(Scraped caption text data)
-*-

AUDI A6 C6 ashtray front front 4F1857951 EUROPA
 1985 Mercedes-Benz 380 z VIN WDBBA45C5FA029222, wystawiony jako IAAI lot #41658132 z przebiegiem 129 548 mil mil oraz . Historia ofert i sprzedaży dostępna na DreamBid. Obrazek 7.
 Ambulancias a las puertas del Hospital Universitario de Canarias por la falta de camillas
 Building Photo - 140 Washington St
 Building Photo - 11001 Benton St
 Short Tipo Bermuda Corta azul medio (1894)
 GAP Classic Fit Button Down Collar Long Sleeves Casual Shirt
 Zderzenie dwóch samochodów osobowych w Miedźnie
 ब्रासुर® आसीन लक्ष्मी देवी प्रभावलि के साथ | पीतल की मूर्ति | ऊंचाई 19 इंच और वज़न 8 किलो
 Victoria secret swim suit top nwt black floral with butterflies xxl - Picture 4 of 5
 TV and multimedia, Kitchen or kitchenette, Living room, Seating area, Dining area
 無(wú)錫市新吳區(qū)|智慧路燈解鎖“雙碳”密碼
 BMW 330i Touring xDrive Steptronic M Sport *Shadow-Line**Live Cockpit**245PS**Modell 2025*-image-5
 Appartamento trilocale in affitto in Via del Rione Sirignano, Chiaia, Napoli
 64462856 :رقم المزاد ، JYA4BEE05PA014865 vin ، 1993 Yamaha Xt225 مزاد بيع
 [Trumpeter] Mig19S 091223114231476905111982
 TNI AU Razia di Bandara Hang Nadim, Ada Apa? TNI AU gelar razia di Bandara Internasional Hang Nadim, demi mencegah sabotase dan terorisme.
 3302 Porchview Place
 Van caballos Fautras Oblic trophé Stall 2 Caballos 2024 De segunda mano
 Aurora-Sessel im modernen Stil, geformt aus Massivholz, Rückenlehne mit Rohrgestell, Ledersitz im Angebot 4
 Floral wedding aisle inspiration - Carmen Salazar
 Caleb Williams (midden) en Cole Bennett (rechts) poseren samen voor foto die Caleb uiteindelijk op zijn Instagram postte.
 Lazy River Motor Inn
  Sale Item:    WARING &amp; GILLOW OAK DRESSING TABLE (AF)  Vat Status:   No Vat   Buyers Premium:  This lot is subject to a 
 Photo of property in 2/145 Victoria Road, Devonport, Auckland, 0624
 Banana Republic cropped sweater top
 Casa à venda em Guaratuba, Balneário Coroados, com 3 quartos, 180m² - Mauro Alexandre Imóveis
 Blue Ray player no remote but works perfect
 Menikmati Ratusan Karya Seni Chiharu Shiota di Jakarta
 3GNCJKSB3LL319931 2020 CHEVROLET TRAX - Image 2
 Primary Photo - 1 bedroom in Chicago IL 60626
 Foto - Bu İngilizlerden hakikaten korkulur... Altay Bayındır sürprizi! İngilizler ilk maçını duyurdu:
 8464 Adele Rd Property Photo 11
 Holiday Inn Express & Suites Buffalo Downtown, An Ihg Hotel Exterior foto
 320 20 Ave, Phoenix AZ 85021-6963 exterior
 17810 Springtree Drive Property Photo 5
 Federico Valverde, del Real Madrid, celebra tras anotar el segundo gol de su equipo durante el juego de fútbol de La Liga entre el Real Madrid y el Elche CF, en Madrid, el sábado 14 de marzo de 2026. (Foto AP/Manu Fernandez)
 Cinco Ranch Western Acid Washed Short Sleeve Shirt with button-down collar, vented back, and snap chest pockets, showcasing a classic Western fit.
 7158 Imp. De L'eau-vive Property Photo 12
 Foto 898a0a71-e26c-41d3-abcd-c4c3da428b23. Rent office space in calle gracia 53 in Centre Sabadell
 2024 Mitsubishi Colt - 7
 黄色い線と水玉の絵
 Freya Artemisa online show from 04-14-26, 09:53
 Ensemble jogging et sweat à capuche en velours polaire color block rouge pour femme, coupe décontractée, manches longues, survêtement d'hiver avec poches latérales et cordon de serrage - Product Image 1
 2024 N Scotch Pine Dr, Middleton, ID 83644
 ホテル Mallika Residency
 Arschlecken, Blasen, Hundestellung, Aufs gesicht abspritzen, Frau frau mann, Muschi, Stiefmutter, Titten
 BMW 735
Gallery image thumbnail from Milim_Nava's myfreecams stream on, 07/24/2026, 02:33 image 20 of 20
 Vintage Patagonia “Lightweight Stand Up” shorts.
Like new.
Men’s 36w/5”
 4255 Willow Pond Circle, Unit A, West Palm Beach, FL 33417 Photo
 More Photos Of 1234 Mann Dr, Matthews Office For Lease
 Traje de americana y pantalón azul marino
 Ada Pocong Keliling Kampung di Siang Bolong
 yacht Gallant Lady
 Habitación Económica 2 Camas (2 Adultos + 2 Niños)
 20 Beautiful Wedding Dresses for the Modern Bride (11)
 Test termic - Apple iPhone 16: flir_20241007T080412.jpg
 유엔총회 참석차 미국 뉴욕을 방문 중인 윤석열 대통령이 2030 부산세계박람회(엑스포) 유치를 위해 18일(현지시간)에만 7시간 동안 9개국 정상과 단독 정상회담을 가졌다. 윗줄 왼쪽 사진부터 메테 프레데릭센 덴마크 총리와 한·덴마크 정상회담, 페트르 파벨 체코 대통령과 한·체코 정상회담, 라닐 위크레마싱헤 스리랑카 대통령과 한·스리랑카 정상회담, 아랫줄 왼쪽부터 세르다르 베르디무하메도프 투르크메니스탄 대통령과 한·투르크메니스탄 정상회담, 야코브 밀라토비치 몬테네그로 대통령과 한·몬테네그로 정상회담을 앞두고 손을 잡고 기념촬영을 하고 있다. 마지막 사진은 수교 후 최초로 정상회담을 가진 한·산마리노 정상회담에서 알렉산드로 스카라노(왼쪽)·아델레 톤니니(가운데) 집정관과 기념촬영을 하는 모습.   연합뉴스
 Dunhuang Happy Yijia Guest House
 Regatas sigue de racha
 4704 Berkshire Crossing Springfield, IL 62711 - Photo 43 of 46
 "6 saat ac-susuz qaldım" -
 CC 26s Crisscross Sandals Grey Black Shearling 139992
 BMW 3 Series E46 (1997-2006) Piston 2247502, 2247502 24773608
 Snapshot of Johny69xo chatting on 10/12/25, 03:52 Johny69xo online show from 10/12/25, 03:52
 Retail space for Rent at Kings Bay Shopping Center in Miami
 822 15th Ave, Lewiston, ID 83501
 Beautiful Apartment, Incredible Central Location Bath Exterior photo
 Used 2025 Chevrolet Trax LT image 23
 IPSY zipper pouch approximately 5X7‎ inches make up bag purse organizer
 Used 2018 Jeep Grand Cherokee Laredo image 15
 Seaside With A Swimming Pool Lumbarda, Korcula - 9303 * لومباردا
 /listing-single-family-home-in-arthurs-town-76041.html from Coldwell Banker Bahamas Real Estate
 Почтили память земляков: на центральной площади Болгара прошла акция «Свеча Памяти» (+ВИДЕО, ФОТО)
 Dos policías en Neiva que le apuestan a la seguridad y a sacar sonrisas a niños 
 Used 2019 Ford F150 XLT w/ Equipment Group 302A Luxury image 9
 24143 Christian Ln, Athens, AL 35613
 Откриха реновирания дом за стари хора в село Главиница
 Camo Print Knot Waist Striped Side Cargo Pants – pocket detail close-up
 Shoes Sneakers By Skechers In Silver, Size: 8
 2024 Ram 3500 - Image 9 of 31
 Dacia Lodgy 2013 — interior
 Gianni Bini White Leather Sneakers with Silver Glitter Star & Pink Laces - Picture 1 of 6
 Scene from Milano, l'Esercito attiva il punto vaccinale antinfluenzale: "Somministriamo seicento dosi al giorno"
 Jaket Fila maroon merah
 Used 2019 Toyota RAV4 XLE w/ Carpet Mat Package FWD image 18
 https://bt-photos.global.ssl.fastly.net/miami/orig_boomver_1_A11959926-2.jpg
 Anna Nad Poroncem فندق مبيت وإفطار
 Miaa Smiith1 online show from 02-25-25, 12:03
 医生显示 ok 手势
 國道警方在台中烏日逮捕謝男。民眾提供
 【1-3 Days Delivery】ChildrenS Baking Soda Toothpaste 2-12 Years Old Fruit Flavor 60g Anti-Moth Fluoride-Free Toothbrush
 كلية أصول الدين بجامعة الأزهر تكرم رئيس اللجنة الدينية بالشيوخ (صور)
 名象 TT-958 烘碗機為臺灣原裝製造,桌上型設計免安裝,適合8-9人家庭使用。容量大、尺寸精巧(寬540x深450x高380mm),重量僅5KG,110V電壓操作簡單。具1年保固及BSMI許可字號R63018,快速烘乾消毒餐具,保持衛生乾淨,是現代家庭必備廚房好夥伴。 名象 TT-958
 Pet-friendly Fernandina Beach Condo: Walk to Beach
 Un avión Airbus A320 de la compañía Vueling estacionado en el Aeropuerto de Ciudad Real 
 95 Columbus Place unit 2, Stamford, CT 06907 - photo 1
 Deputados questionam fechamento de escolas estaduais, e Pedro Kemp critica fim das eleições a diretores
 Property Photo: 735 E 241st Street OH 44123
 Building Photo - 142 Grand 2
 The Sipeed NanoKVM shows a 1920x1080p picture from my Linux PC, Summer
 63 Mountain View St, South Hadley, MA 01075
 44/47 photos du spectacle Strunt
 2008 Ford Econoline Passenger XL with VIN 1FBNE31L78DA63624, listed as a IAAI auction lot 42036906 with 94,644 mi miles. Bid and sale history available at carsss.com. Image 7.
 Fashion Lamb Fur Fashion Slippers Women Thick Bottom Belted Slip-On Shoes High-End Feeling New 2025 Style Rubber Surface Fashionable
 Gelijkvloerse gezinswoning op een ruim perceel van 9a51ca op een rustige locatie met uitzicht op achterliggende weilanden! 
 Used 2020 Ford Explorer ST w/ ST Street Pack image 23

-*-

### EXERCISE REQUIREMENTS
Could you reproduce, exactly, every line above from the line with "Lazy River Motor Inn" to the line with "Foto - Bu İngilizlerden", and no other line? Both ends count.

### RESULT BELOW
 Lazy River Motor Inn
  Sale Item:    WARING &amp; GILLOW OAK DRESSING TABLE (AF)  Vat Status:   No Vat   Buyers Premium:  This lot is subject to a 
 Photo of property in 2/145 Victoria Road, Devonport, Auckland, 0624
 Banana Republic cropped sweater top
 Casa à venda em Guaratuba, Balneário Coroados, com 3 quartos, 180m² - Mauro Alexandre Imóveis
 Blue Ray player no remote but works perfect
 Menikmati Ratusan Karya Seni Chiharu Shiota di Jakarta
 3GNCJKSB3LL319931 2020 CHEVROLET TRAX - Image 2
 Primary Photo - 1 bedroom in Chicago IL 60626
 Foto - Bu İngilizlerden hakikaten korkulur... Altay Bayındır sürprizi! İngilizler ilk maçını duyurdu:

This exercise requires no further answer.